Recommendation 34: Employment services
The Welfare Working Group recommends that:
a) employment services be based on contestable, outcome based contracts; and
b) contract referral processes and contract payment structures be designed to financially incentivise contractors to achieve positive outcomes for those with greatest risk of long-term dependency.

A lot of this is already in place.

Private contracted employment services that work with the hardest to place. At August 2011 150 service providers were contracted to assist around 15,000 clients to find employment.

Contracted budgeting services. In 2009 83 members of the NZ Federation of family Budgeting were contracted to MSD to provide budgeting services.

Payment cards is National's policy for young beneficiaries. Once they are available I have no doubt they will be extended to other beneficiaries as per the Australian operation.

Beneficiaires are already sent to parenting programmes. I had a client who went on one (which seemed of dubious quality.)

Analysis of the Family Start programme based in Christchurch showed some gain for children of beneficiaries but not for parents. As I blogged a couple of days ago intervention that is not wanted (compulsory) can further entrench parents in a siege mentality which may put their children at greater risk. So I am very dubious about complusion. I concluded that post with the following:

But I keep coming back to two broad propositions for the state, which will continue to monopolise the problem for some time yet. It has got to stop incentivising childbirth and start incentivising prevention. Stop paying people to have children and start paying them not to. And it has got to stop counselling against adoption and get more children into stable and loving homes from the outset.

The massive escalating intervention - private, public or a mix - is usually too much, too late.


The concessions extracted by ACT represent more intervention and more paternalism which it can be argued are necessary on the back of an extensive benefit system that pays young women to become mothers.

They do not represent a reduction of the benefit system itself.

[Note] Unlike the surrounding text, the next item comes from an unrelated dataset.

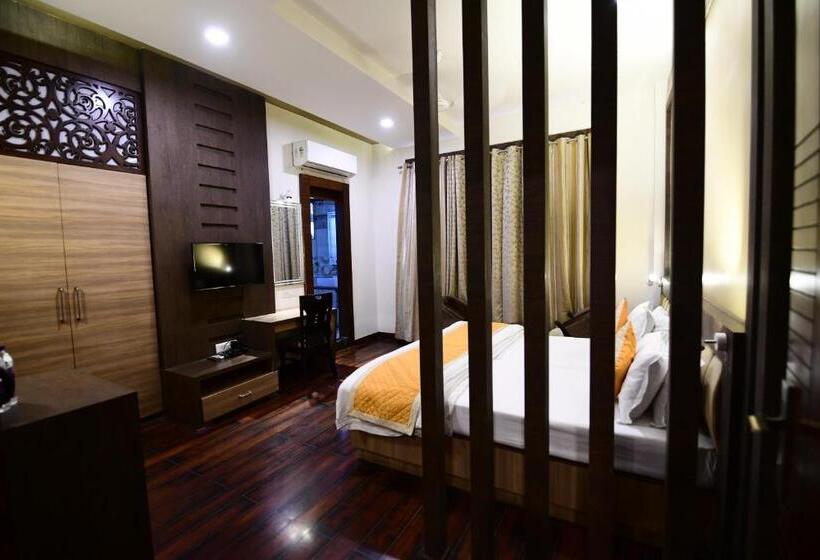 标准间, Jataka Inn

National's policy of worktesting mothers when their youngest child is 5 (or 1 if the child has been added to the benefit) better represents a reduction in the availability of benefits. ACT should have (and may have) pushed for the age to be lower, afterall they have extracted the promise that parents on benefits must ensure their children participate in approved early childhood education once their child reaches three years of age. Or time limits which was always part of their policy in the past.

Between them there is still no resolve to actually stop the welfare incentives that give New Zealand the second highest teen birthrate in the developed world.

3 comments:

Anonymous said...

We are paying solo parents to stay home and look after their children and paying for childcare. Early childhood education is not rocket science. If they are not capable of reading to their children, teaching them how to count and use scissors, then surely they are not capable of parenting their children?

Anonymous said...

The most important "concession" for welfare- and for everything else, is the spending cap. We have an aging population; health costs in real terms increase at about 5% above inflation every year (new drugs & equiptment); and are facing a Euro & US meltdown that's already going to cost Treasury another 20 BILLION next year.

That's what will drive welfare rates down, and bludgers off the rolls.

There are only two real welfare reforms possible"
1. reduce the about paid in nominal terms
2. reduce the absolute number on welfare.

Anonymous said...

The government has GOT to change the benefit system to make it clear
that there is a threshold. I would put it at three children.

If you have more than that, you're on your own. It's up to you.
Don't expect the taxpayer to support your efforts to breed enough children for a cricket team.

If the government doesn't do that, then everything else is just pissing in the wind.